Keine Liebhaberei in der Umsatzsteuer
Während die Absicht, Gewinn zu erzielen, unabdingbare Voraussetzung für die Annahme einer ertragsteuerlichen Einkunftsart ist – und ggfs. die Anerkennung von Verlusten darstellt, ist diese Gewinnerzielungsabsicht im Umsatzsteuerrecht völlig unerheblich: Wer Unternehmer ist, hat seine umsatzsteuerlichen Pflichten zu kennen und zu erfüllen; dies gilt insbesondere auch für Vereine, die Veranstaltungen durchführen und hierfür Eintritt nehmen, oder für Privatpersonen, die regelmäßig auf elektronischen Marktplätzen Handel treiben.
Abgrenzung der gewerblichen oder beruflichen Tätigkeit
Nichtunternehmerische Tätigkeit
Von der gewerblichen oder beruflichen Tätigkeit sind die nichtunternehmerischen Tätigkeiten zu unterscheiden. Diese Tätigkeiten umfassen die nichtwirtschaftlichen Tätigkeiten im engeren Sinne (nicht wirtschaftliche Tätigkeiten i.e.S.) und die unternehmensfremden Tätigkeiten. Als unternehmensfremde Tätigkeiten gelten Entnahmen für den privaten Bedarf des Unternehmers als natürliche Person, für den privaten Bedarf seines Personals oder für private Zwecke des Gesellschafters [5].
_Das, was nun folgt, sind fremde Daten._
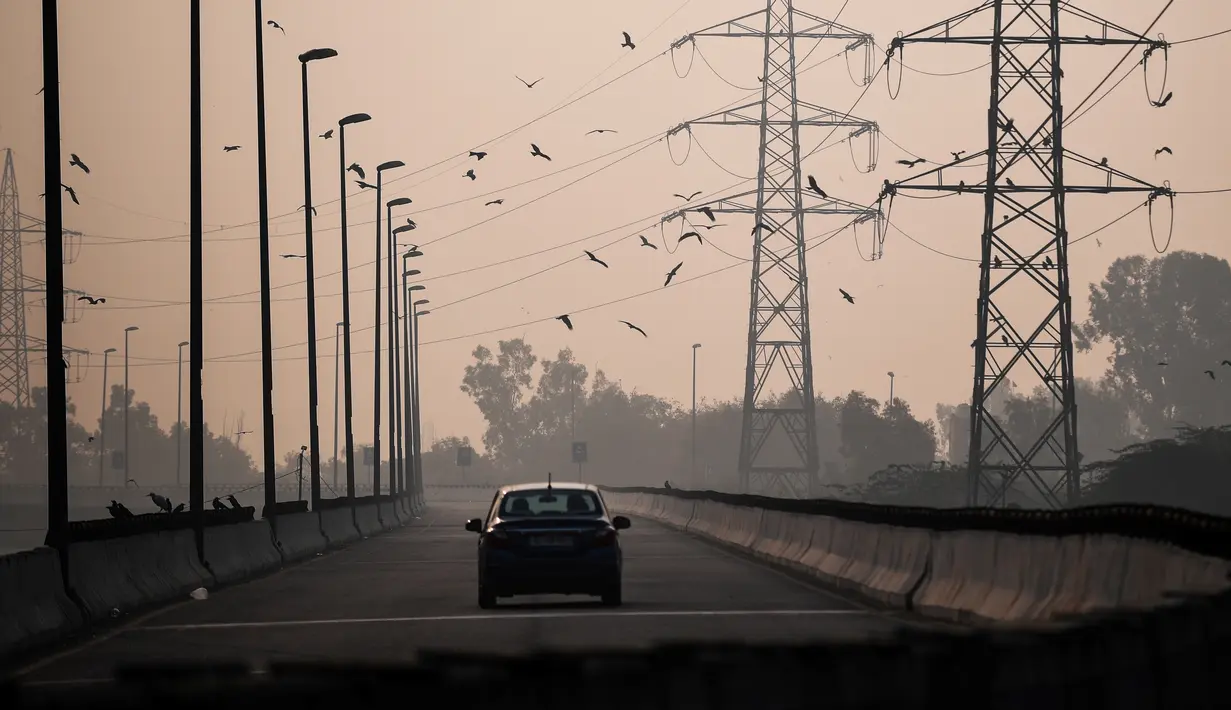 Seorang pengendara mobil mengemudi di sepanjang jalan di tengah kondisi asap tebal yang menyelimuti sehari setelah perayaan Diwali, festival cahaya Hindu, di New Delhi, India pada Minggu (15/11/2020). (Photo by Sajjad HUSSAIN / AFP)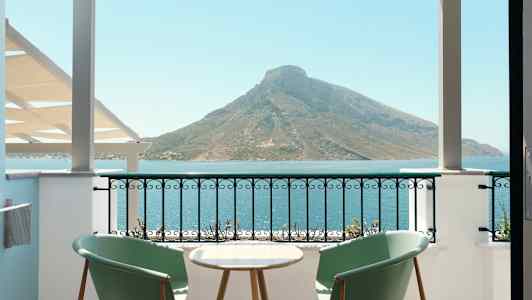 Två stolar och ett bord på en balkong med utsikt över havet och ett berg. (AI-genererad text)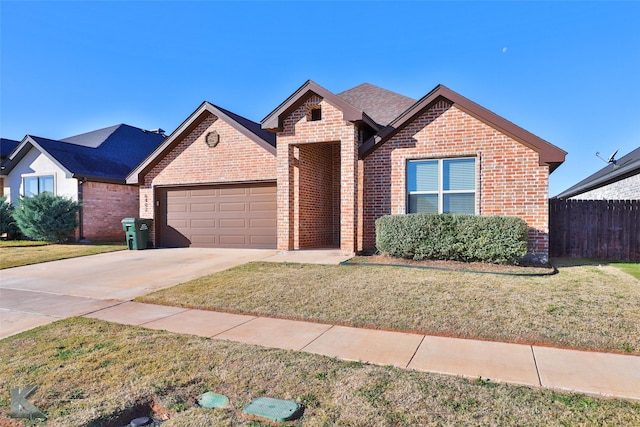 view of front of property featuring a front yard and a garage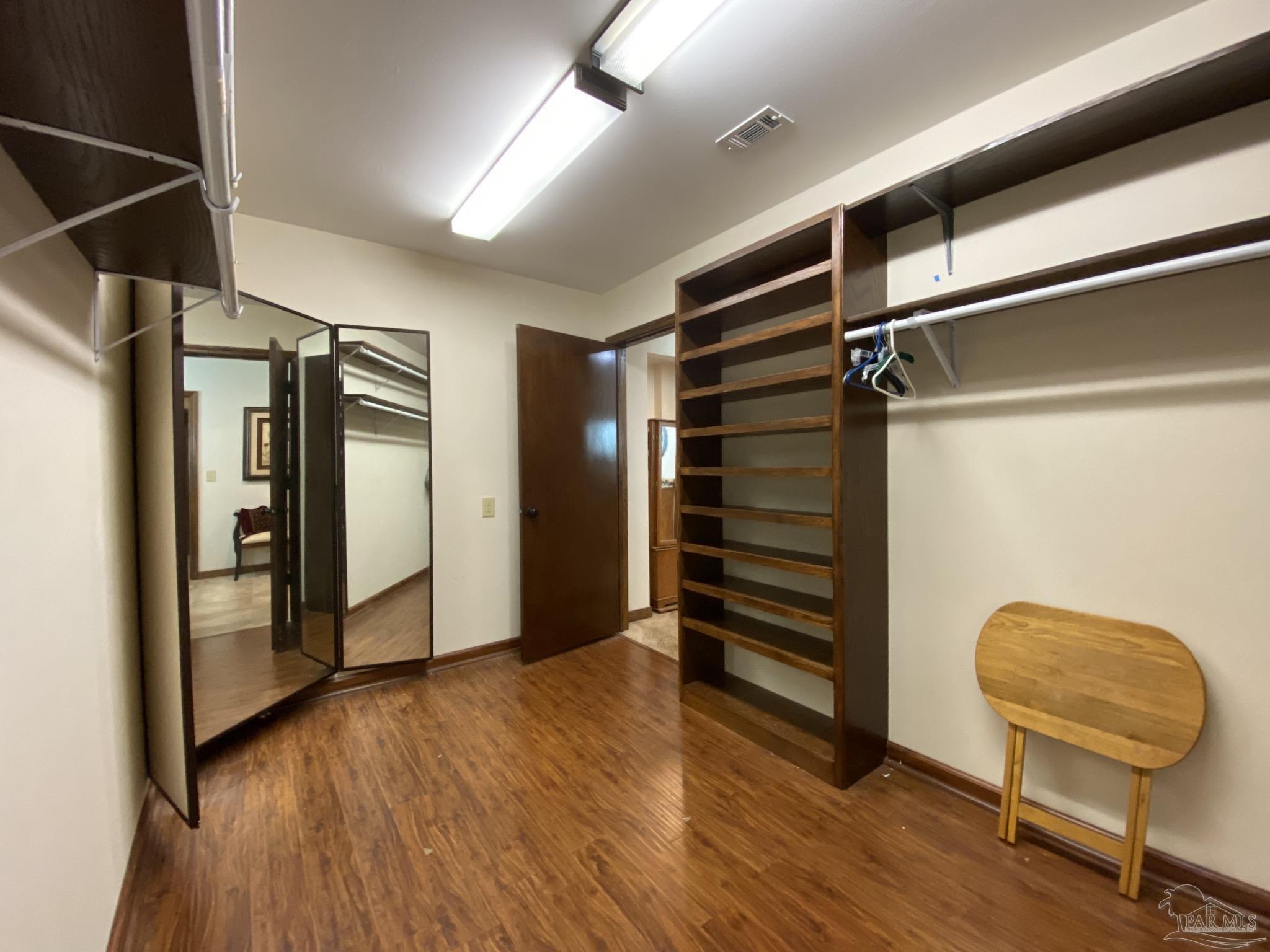 9141 Frank Pitman Road Milton, FL 32570 - Photo 39 of 51 a view of walk in closet with wooden floor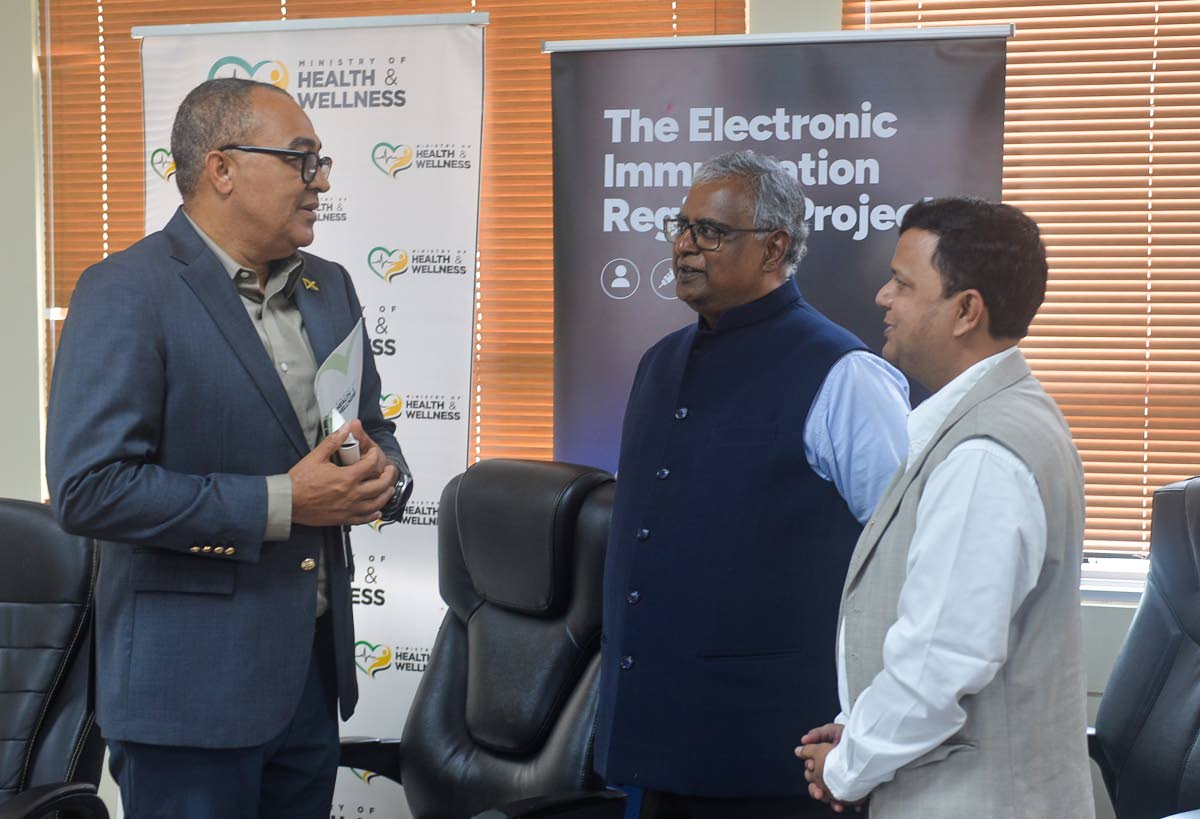 Minister of Health and Wellness, Dr Hon. Christopher Tufton (left), converses with Managing Director of ArguSoft America Incorporated, Ram Gopalan (centre), and President of Professional Services at Argusoft America Incorporated, Ravi Shankar, following th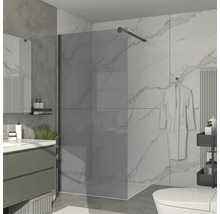 Kúpeľňa so sklenenou sprchovou zástenou, umývadlom a toaletou.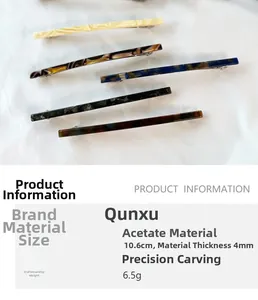 Detail view showing marble texture acetate hair clips with 10.6cm length and slim design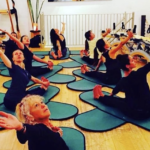 Master Trainer Miriam Barbosa leads a Gyrokinesis Class on mats.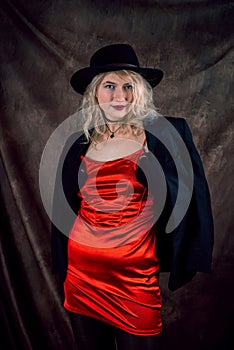 pretty young blond woman wear red evening dress and black hat isolated on dark background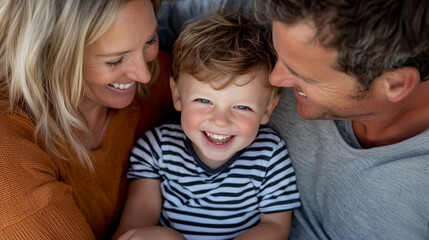 Obraz premium Happy Family Portrait on Cozy Sofa with Natural Sunlight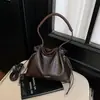 Bolsa de ombro com corrente de nicho para mulheres, nova coleção de outono 2026, bolsa de ombro de alta qualidade e na moda, bolsa transversal versátil tipo almofada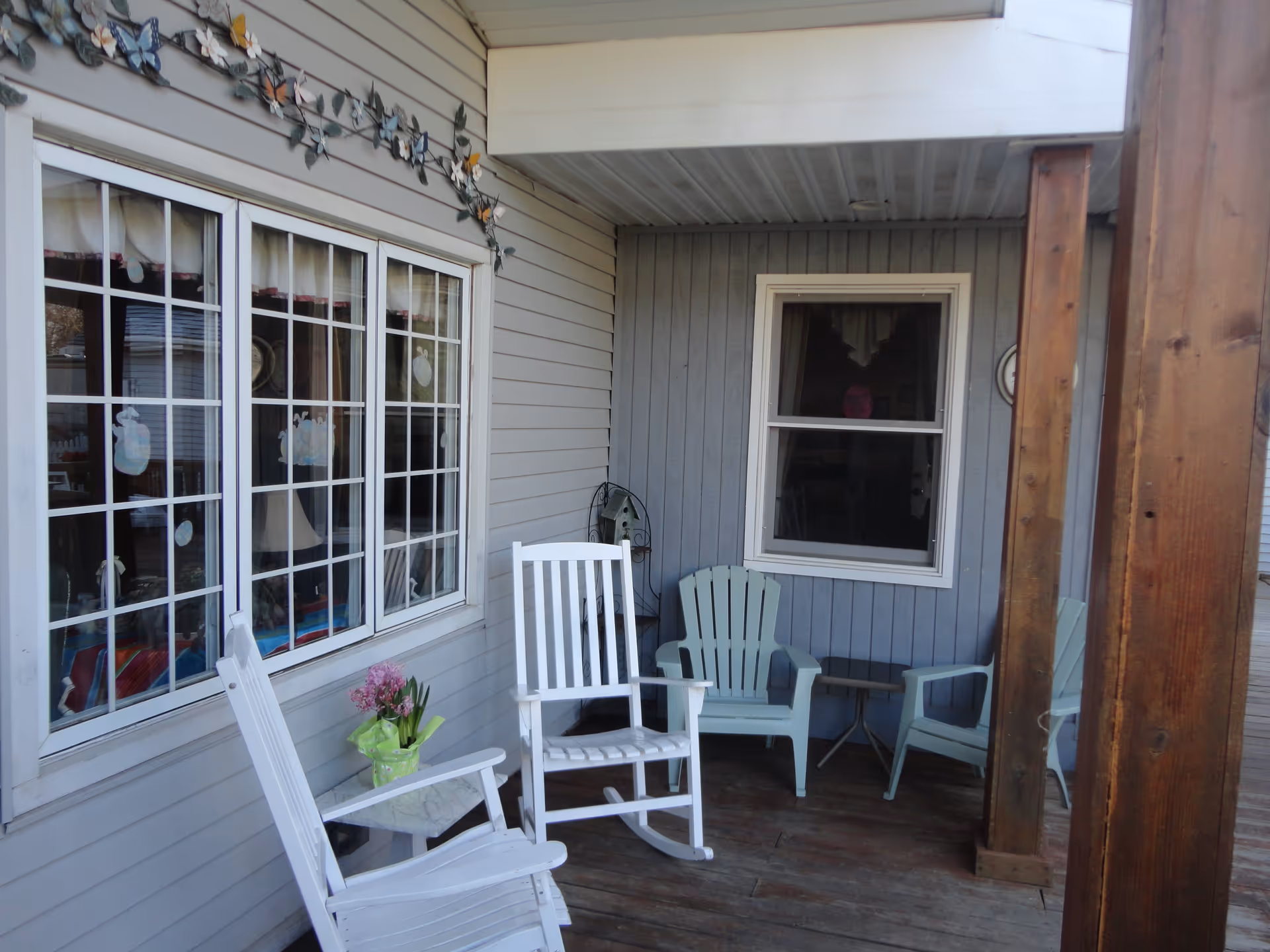 Covered outdoor porch area with wooden floor and ceiling, featuring two white rocking chairs, two light blue plastic chairs, a small table with a potted plant, and decorative butterfly wall art above a window.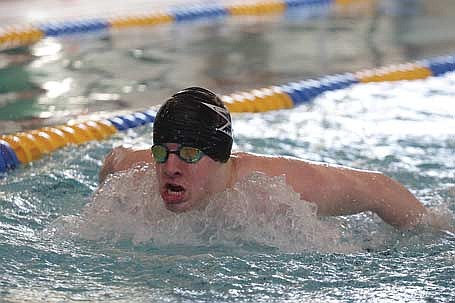 In this Feb. 14, 2026 file photo, Garrison Jacques does the 100 butterfly during a WIAA Division 2 sectional meet at the Rice Lake Natatorium. (Photo by Jeremy Mayo/River News)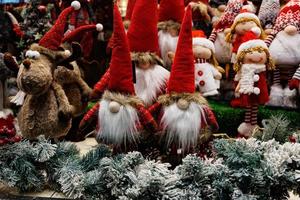 plush christmas elves in red hats background photo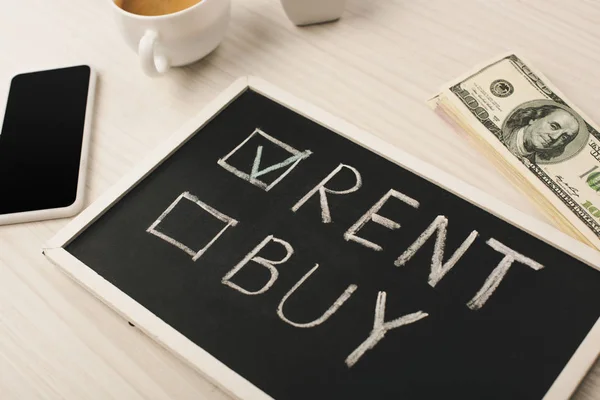 Pizarra con alquiler y comprar letras cerca de la taza de café. smartphone con pantalla en blanco y dinero - foto de stock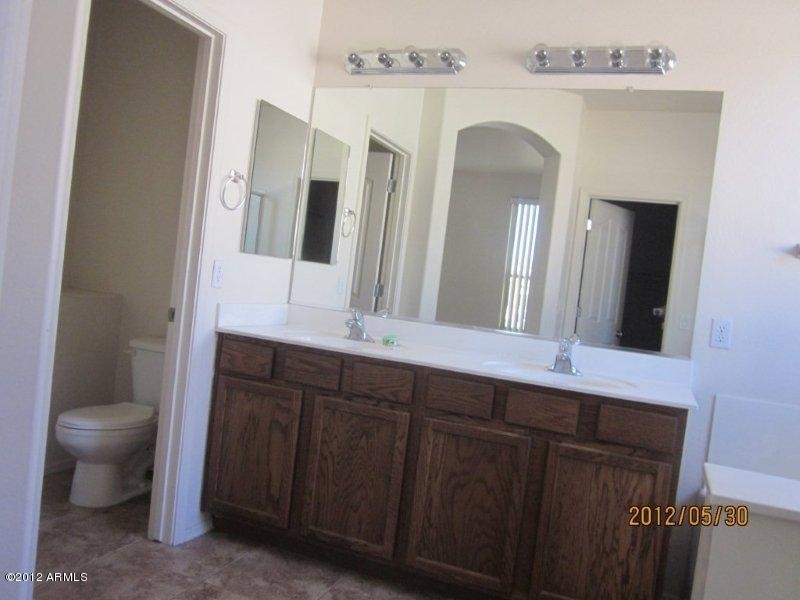 10213 West Payson Road Tolleson, AZ 85353 - Photo 11 of 24 a spacious bathroom with a double vanity sink and a mirror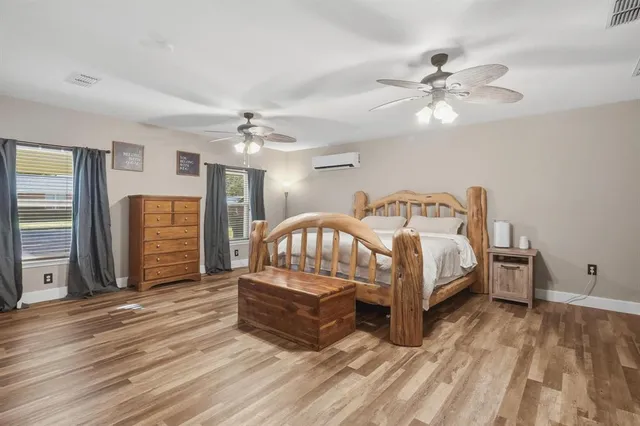 a bedroom with a bed and a chandelier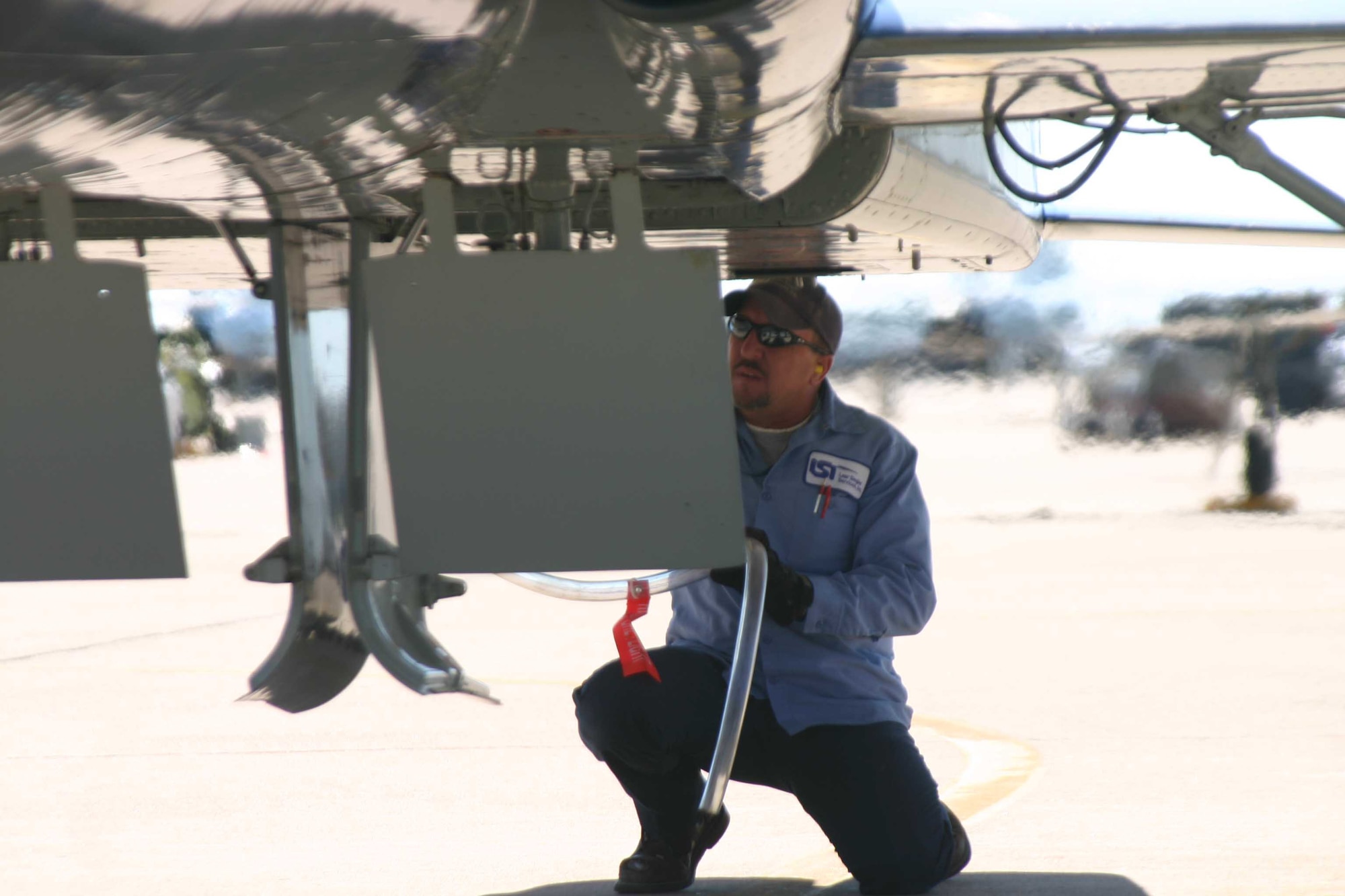 Lear Siegler, Inc., crew chief Rick Dixon connects a catch  hose to a T-38 Talon after the aircraft landed recently. Civilian contractors launch and recover all aircraft at the 80th Flying Training Wing. (U.S. Air Force photo/Robert Fox)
Nicht selbständige Tätigkeit
Von der Unternehmereigenschaft abzugrenzen ist außerdem die gewerbliche oder berufliche Tätigkeit, die nicht selbständig ausgeübt wird (§ 2 Abs. 2 UStG). Eine selbständige Tätigkeit liegt vor, wenn sie auf eigene Rechnung und auf eigene Verantwortung ausgeübt wird.
Ob Selbständigkeit oder Unselbständigkeit anzunehmen ist, richtet sich grundsätzlich nach dem Innenverhältnis zum Auftraggeber. Aus dem Außenverhältnis zur Kundschaft lassen sich im Allgemeinen nur Beweisanzeichen herleiten [6]. Dabei kommt es nicht allein auf die vertragliche Bezeichnung, die Art der Tätigkeit oder die Form der Entlohnung an. Entscheidend ist das Gesamtbild der Verhältnisse. Es müssen die für und gegen die Selbständigkeit sprechenden Umstände gegeneinander abgewogen werden; die gewichtigeren Merkmale sind dann für die Gesamtbeurteilung maßgebend [7].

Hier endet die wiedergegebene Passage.